Helms School of Government


Doctor of Philosophy in Public Policy (PhD)


Michael Langlois


Environmental regulation, Porter Hypothesis, Air Pollution, Economics Activities, Competitiveness, Economics growth, Innovation




This study delves into the fascinating relationship between environmental regulations, air pollution reduction, and their subsequent impact on production, productivity, and innovation. By adopting Porter’s hypothesis approach, the study aims to shed light on a crucial aspect overlooked in previous studies - the prerequisite of “well-designed environmental regulation,” as Porter’s hypothesis emphasizes.
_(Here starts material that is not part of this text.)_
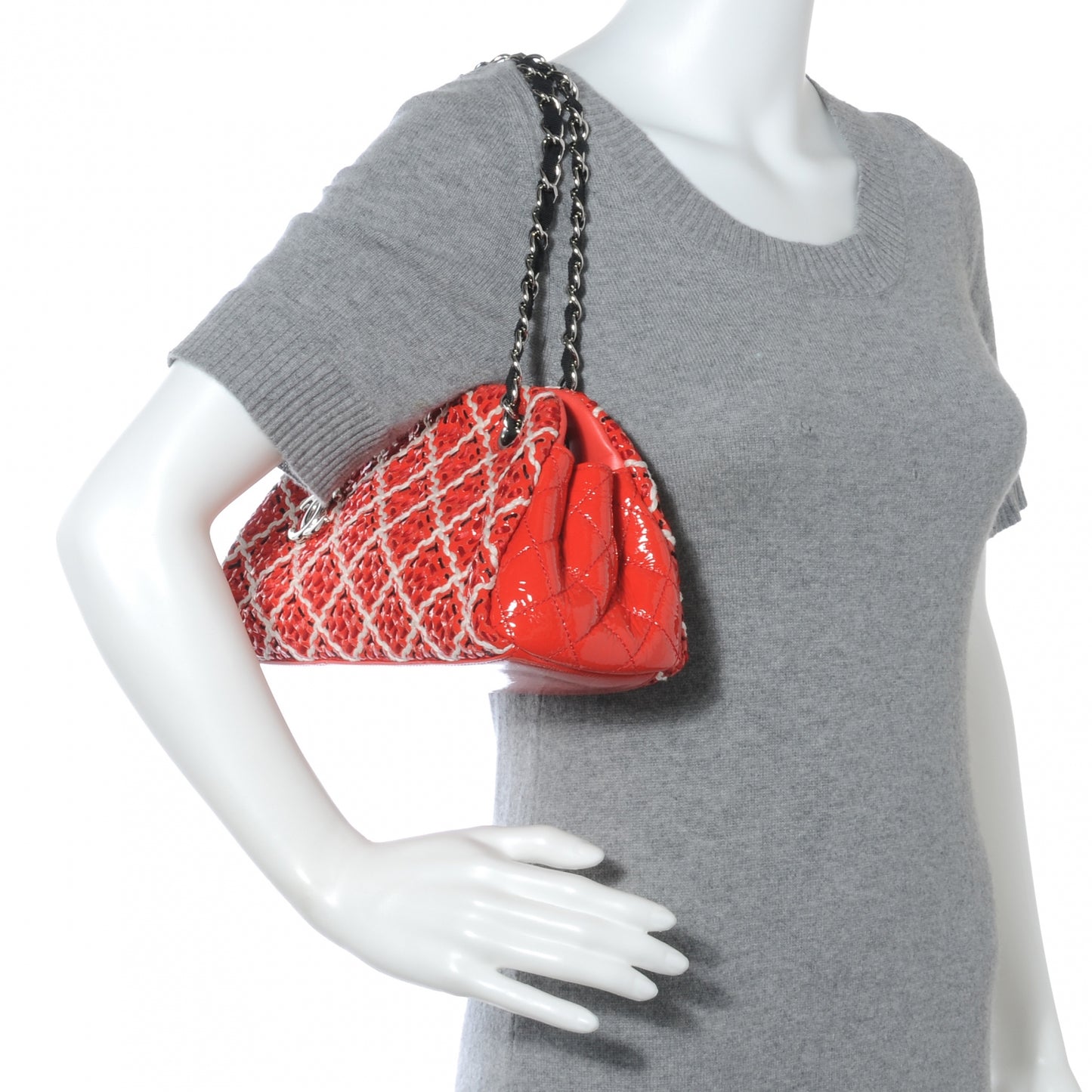 Patent Hand Embroidered Small Just Mademoiselle Red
The study uses microeconomic principles, whose conclusions propose a novel framework for crafting effective policies that balance curbing air pollution and fostering economic growth. Specifically, the study advocates for a tax rate on pollution that aligns with the marginal cost of the polluter within the industry. This approach ensures that environmental regulations are not only effective in reducing pollution but also facilitate sustainable production practices. Through a comprehensive analysis of industry-specific data and econometric modeling, we uncover the substantial potential of well-designed environmental regulations to enhance production and productivity. Moreover, our study highlights the transformative impact such regulations can have on innovation within industries, fostering the development of cleaner technologies and practices. By elucidating the profound interplay between environmental regulations, air pollution reduction, and economic outcomes, this study seeks to provide policymakers, industry leaders, and researchers with valuable insights into the importance of crafting meticulously designed environmental policies. Ultimately, this research contributes to the ongoing dialogue surrounding sustainable development, paving the way for a greener and more prosperous future.